After creating the table for holding the agERA5 data, we can now write the control file that pgloader requires to load the data. They syntax is somewhat similar to the MySQL LOAD DATA statement but not compatible:

LOAD CSV
   FROM STDIN
        HAVING FIELDS
        (
           day [date format 'YYYY-MM-DD'],
           precipitation_flux,
           solar_radiation_flux,
           temperature_air_2m_mean_24h,
           temperature_air_2m_max_day_time,
           temperature_air_2m_min_night_time,
           vapour_pressure_mean,
           wind_speed_10m_mean,
           idgrid
        )
   INTO postgresql://<user>:<passwd>@<hostname>/<dbname>?sslmode=require
       TARGET TABLE weather_grid_agera5
       TARGET COLUMNS
           (
           idgrid, day,
           precipitation_flux,
           solar_radiation_flux,
           temperature_air_2m_mean_24h,
           temperature_air_2m_max_day_time,
           temperature_air_2m_min_night_time,
           vapour_pressure_mean,
           wind_speed_10m_mean
           )
   WITH skip header = 1,
        fields terminated by ','
   SET work_mem to '32 MB', maintenance_work_mem to '64 MB';

Note that, similar to MySQL, the order of the column names in the “HAVING FIELDS” clause is critical for reading and inserting the data in the correct columns in the database table. Also with pgloader we can read directly from standard input (here: STDIN) which avoids having to write decompressed CSV files. In my specific case, the database connection string needed an extra parameter sslmode=require, this may depend on your database setup.

Finally, we can start loading the data with the pgloader tool. I assume that we start pgloader from /data/agera5/csv which also contains the control file load_agera5.ctl. Moreover, we assign the current directory as work directory with -D $PWD which puts the pgloader log files in the current directory. The full command than becomes:

$ gunzip -c weather_grid_agera5_2022-01.csv.gz | \
  pgloader -D $PWD --logfile load_agera5.log --summary load_agera5.summary \
           --no-ssl-cert-verification load_agera5.ctl
2023-01-31T13:54:22.039000Z LOG pgloader version "3.6.7~devel"
2023-01-31T13:54:29.243000Z LOG report summary reset

We can now look at the summary to see if loading was successful:

$ cat load_agera5.summary
                    table name     errors       rows      bytes      total time
------------------------------  ---------  ---------  ---------  --------------
                         fetch          0          0                     0.009s
                   before load          0          1                     0.041s
------------------------------  ---------  ---------  ---------  --------------
"agera5db"."weather_grid_agera5"        0     103075     9.0 MB          6.945s
------------------------------  ---------  ---------  ---------  --------------
               Files Processed          0          1                     0.021s
       COPY Threads Completion          0          2                     6.945s
------------------------------  ---------  ---------  ---------  --------------
             Total import time               103075     9.0 MB          6.966s

Based on the summary results, we can see that loading was successful and we have loaded exactly 103075 lines.

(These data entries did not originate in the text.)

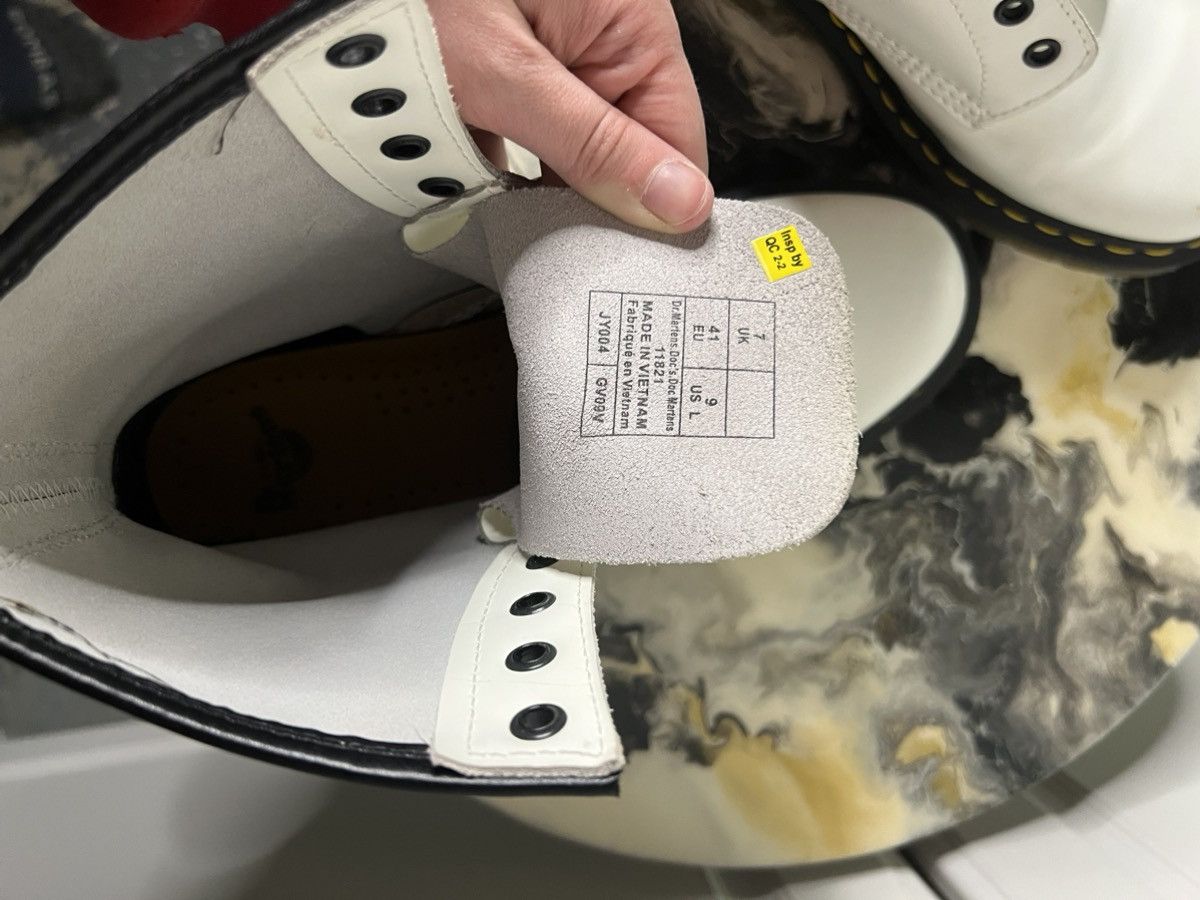 Dr. Martens Dr. Martens 1460 Smooth Leather White Boot Size US 9 / IT 39 - 11 Thumbnail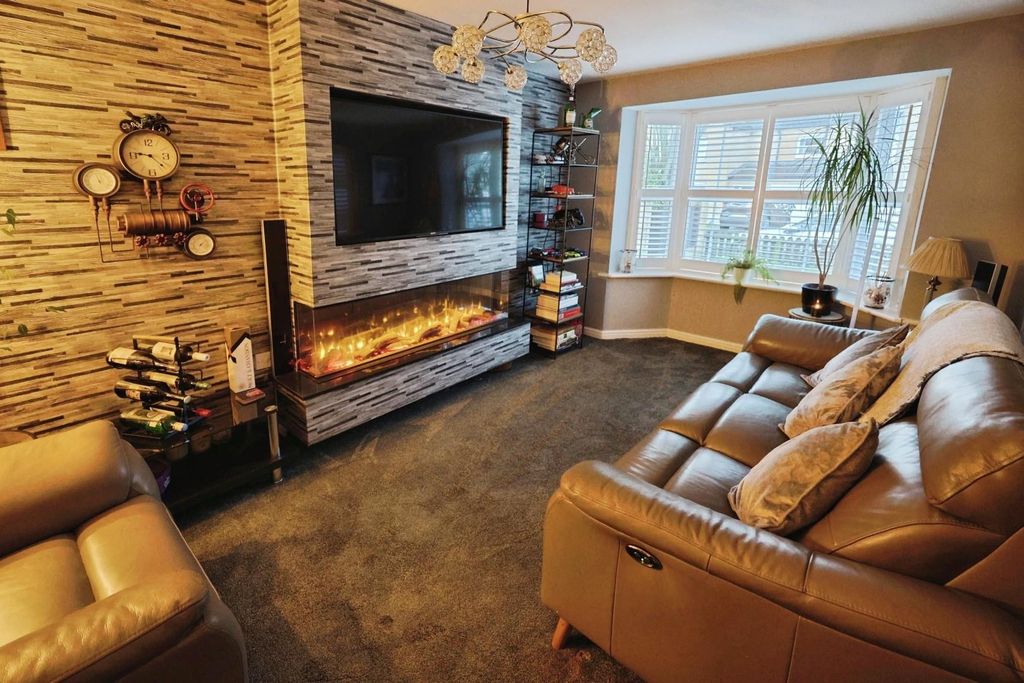 Property photo 3 of 14 F0d62F81-Pk7A0577.Jpg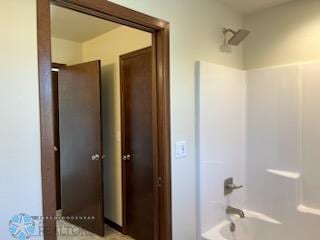 bathroom featuring shower / bathtub combination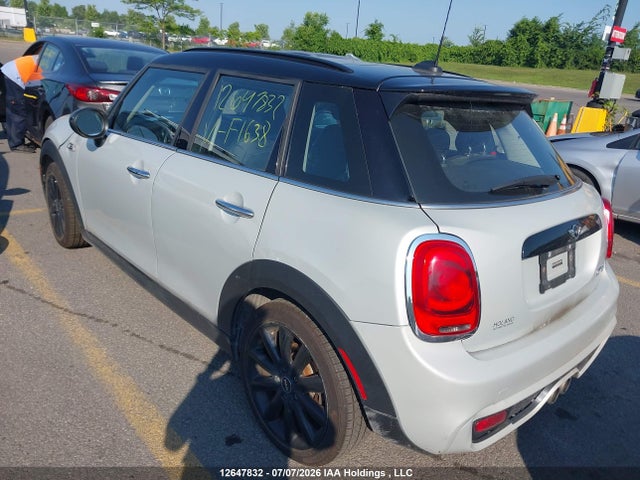 Mini 5 Door Cooper S 2018 WMWXU3C55J2F51638 Image 3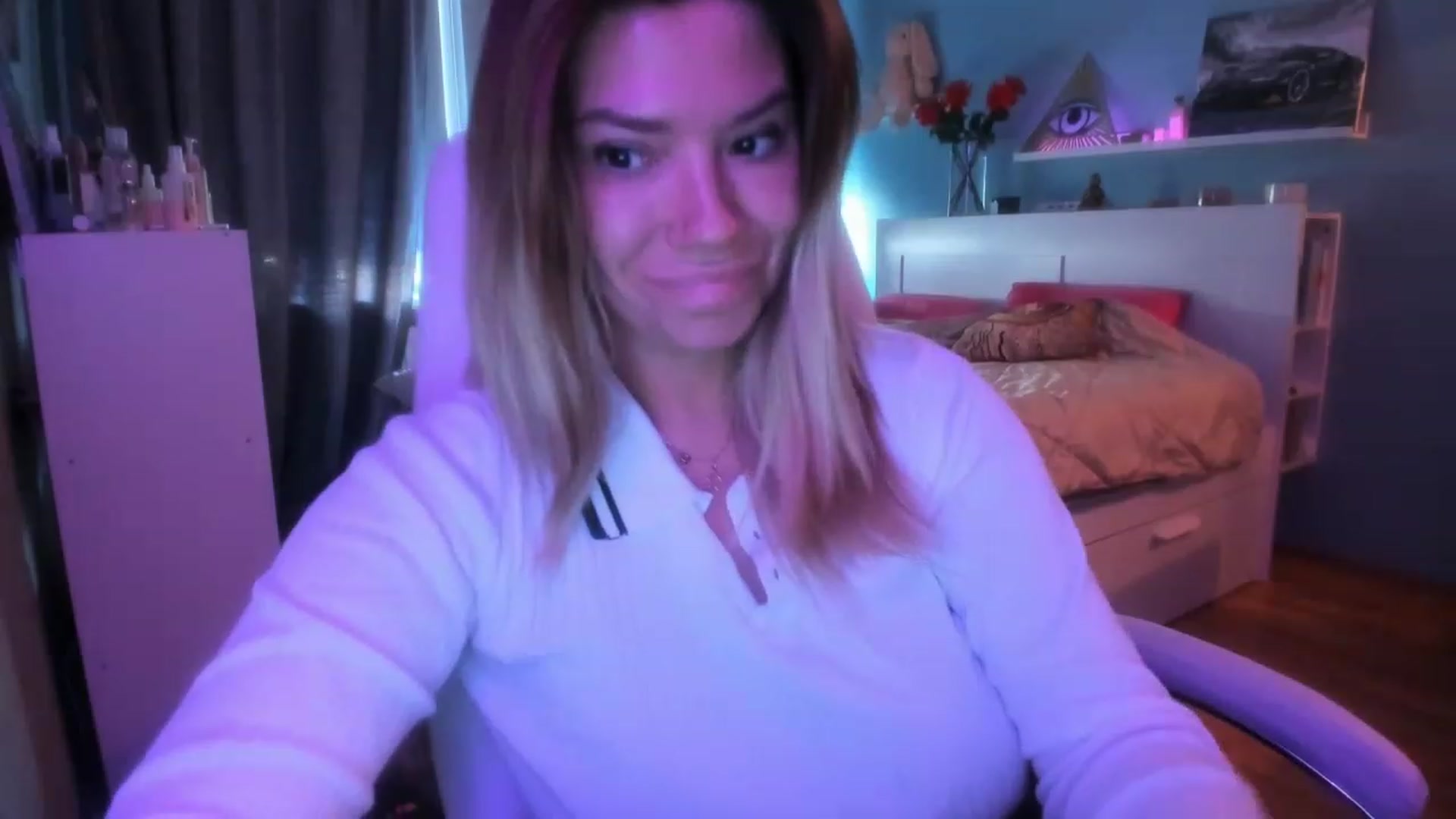 Gallery image thumbnail from NickyBlein's myfreecams stream on, 10/06/2023, 10:46 image 18 of 20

Bulk loading AgERA5 with Oracle

Bulk loading of AgERA5 data into Oracle can be done with the SQL*Loader utility. Since I do not have an Oracle database readily available, I cannot demonstrate how this should be done exactly. However, it has many similarites with pgloader as the SQL*Loader tool also requires a control file that describes the inputs and output target.